34. La proposition de directive comporte des dispositions qui peuvent être discutable notamment pour ce qui concernerait une interprétation sectorielle qui serait sans doute nécessaire et les risques et incertitudes que peuvent créer les fractionnements de droit.

35. La liberté totale d’apport du titulaire de droit est énoncée par la proposition de directive. Ainsi un membre d’une société est libre de déterminer les apports qu’il veut effectuer auprès de celle-ci et il peut les fractionner. Une société de gestion collective ne peut donc prévoir des apports groupés de droits même quand cela est économiquement nécessaire. L’article 5.2 de la proposition de directive permet le fractionnement des apports de droits à tous les niveaux, sur les droits et sur les territoires de l’Union.

Dans le secteur de la musique, la notion de catégorie de droits est connue, elle a été dégagée par les décisions GEMA 1 et 2(39).

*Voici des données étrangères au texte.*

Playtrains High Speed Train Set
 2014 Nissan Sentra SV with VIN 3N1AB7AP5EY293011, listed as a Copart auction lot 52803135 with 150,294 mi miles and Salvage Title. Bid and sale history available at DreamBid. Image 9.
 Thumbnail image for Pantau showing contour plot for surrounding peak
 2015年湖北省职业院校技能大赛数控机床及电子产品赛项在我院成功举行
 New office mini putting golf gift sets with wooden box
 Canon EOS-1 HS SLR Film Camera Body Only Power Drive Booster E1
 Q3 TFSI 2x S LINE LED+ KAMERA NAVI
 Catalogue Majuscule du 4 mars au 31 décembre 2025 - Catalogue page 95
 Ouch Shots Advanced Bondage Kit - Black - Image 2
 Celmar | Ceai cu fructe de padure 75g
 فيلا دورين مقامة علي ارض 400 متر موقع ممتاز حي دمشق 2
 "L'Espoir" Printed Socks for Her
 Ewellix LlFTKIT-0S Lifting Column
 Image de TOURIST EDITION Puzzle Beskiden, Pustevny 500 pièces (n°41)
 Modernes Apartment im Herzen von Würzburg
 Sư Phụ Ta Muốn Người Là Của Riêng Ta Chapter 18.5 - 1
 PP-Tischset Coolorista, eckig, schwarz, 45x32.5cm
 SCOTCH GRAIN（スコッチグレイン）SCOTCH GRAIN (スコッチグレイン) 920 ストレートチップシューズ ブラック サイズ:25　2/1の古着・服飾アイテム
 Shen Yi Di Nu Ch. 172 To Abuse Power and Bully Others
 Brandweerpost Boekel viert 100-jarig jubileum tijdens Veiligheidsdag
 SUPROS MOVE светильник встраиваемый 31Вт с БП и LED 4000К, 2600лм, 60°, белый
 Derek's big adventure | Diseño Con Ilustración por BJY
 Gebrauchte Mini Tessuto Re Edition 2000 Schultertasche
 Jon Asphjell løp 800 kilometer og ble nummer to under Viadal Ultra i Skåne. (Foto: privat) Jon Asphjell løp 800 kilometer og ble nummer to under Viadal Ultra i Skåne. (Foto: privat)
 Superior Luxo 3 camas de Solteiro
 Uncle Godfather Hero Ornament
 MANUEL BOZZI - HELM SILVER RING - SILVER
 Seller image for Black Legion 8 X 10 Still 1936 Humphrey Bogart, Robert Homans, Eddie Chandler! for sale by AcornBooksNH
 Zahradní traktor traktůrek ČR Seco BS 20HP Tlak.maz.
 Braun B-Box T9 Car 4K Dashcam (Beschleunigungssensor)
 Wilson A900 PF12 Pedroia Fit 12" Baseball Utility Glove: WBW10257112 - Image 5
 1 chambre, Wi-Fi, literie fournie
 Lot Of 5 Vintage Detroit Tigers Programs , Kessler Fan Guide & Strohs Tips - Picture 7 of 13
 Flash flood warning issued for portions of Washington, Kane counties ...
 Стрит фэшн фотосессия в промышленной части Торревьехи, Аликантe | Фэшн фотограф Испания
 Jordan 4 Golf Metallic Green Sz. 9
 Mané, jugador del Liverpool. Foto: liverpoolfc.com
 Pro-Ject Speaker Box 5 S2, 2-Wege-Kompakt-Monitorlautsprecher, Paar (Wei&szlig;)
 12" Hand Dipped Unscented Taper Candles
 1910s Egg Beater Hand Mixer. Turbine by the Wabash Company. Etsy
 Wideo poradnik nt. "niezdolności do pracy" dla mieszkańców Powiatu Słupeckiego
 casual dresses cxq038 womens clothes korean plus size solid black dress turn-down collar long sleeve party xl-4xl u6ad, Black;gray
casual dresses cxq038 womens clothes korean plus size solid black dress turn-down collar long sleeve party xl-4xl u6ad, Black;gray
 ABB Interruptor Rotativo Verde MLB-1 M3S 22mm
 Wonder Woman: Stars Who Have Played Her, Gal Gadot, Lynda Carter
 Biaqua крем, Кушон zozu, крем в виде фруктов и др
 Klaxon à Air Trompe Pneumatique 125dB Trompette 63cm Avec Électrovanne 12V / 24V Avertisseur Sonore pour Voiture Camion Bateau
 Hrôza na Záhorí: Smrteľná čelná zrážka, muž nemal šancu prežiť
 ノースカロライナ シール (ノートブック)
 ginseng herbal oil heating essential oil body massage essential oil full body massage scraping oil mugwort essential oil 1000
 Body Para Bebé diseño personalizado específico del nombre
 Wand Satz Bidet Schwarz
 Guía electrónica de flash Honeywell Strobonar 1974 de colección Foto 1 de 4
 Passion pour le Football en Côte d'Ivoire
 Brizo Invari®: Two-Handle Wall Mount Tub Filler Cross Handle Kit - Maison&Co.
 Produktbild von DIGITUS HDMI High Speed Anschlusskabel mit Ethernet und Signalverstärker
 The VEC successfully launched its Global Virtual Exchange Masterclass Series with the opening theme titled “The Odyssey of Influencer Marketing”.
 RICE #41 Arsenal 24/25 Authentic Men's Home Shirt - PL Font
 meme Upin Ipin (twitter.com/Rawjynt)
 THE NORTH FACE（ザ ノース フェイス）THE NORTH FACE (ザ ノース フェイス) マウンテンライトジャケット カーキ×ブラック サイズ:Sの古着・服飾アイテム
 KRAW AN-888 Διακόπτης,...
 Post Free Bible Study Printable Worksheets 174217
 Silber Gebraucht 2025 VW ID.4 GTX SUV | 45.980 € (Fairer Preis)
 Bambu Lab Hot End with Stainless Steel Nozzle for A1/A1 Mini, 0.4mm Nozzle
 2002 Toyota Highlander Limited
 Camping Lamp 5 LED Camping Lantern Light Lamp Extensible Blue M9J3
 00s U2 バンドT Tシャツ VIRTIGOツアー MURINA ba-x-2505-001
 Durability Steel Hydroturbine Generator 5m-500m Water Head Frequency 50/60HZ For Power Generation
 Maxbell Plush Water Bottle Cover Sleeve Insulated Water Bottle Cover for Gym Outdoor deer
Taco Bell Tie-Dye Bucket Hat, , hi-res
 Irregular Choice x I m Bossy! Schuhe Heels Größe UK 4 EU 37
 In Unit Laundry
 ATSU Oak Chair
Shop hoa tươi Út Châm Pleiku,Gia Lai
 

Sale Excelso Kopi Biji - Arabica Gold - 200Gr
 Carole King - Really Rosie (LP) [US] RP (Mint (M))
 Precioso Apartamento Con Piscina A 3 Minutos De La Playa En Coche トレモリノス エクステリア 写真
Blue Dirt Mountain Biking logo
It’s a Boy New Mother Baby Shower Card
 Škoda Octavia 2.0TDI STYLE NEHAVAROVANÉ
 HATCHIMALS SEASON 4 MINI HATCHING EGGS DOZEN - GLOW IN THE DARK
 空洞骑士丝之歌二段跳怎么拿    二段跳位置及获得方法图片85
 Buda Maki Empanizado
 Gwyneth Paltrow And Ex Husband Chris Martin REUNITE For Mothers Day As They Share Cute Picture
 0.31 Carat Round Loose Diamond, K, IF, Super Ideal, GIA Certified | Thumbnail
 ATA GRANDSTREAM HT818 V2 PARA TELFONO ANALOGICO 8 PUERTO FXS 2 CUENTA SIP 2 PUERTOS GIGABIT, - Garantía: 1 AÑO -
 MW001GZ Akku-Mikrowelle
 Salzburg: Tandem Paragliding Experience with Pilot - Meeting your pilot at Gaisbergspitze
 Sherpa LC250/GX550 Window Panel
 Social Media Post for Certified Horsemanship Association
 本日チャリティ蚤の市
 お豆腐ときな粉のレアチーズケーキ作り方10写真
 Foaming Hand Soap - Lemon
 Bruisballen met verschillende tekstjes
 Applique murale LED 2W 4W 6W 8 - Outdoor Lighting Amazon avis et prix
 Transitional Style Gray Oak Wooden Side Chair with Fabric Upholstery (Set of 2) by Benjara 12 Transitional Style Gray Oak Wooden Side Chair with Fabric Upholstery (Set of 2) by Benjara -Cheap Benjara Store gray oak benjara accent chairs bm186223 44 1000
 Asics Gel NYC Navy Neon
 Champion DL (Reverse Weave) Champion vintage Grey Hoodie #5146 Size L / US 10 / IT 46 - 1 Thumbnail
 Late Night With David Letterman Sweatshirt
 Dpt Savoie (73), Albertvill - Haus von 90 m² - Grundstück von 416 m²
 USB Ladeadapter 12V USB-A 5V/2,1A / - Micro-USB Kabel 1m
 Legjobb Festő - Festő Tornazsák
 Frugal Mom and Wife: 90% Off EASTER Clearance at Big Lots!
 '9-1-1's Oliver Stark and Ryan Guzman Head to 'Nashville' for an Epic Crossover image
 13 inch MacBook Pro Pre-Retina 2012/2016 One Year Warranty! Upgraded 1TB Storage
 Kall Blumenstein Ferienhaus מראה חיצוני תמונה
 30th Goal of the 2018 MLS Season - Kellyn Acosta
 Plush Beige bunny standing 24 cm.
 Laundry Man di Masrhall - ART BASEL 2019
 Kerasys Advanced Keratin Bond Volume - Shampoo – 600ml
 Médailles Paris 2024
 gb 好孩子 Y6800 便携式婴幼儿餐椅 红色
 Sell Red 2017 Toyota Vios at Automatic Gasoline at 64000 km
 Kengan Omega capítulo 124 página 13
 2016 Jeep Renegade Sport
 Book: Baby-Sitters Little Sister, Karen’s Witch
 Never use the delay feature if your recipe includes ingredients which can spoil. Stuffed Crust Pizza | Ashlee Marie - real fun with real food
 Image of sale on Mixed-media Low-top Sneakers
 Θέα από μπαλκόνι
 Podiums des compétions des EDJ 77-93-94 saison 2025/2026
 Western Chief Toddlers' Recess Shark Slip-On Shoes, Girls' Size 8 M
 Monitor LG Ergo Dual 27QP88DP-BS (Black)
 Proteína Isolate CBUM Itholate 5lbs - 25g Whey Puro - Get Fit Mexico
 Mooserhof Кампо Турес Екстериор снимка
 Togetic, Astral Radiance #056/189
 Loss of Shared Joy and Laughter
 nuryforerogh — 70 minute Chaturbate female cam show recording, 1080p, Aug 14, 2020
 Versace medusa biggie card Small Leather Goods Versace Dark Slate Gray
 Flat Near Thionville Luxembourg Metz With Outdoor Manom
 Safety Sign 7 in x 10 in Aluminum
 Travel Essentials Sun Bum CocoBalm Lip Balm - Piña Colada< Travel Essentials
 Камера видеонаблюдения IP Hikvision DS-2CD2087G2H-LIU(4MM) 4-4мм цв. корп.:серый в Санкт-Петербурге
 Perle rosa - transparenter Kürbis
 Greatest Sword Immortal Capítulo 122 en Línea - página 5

Il était reproché à la GEMA(40) (société allemande pour les droits sur la représentation musicale et la reproduction mécanique), d’imposer à ses membres de lui céder par contrat, pour le monde entier et à titre exclusif, tous leurs droits actuels et futurs pour une durée d’au moins six ans, cession qui était reconduite tacitement tous les 6 ans. La Commission européenne a considéré que les statuts de la GEMA empêchaient les membres de céder leurs droits à une autre société de droits d’auteur et cela avait pour but pour la GEMA de vouloir faire de sa position dominante un monopole absolu par le biais de certaines dispositions des contrats de cession.

Les décisions GEMA 1 et 2 imposent donc aux sociétés d’offrir à leurs membres la possibilité d’apporter tout ou partie de leurs droits. Depuis les sociétés de gestion de droits musicaux ont prévu dans leurs statuts la possibilité pour un membre de fractionner ses apports.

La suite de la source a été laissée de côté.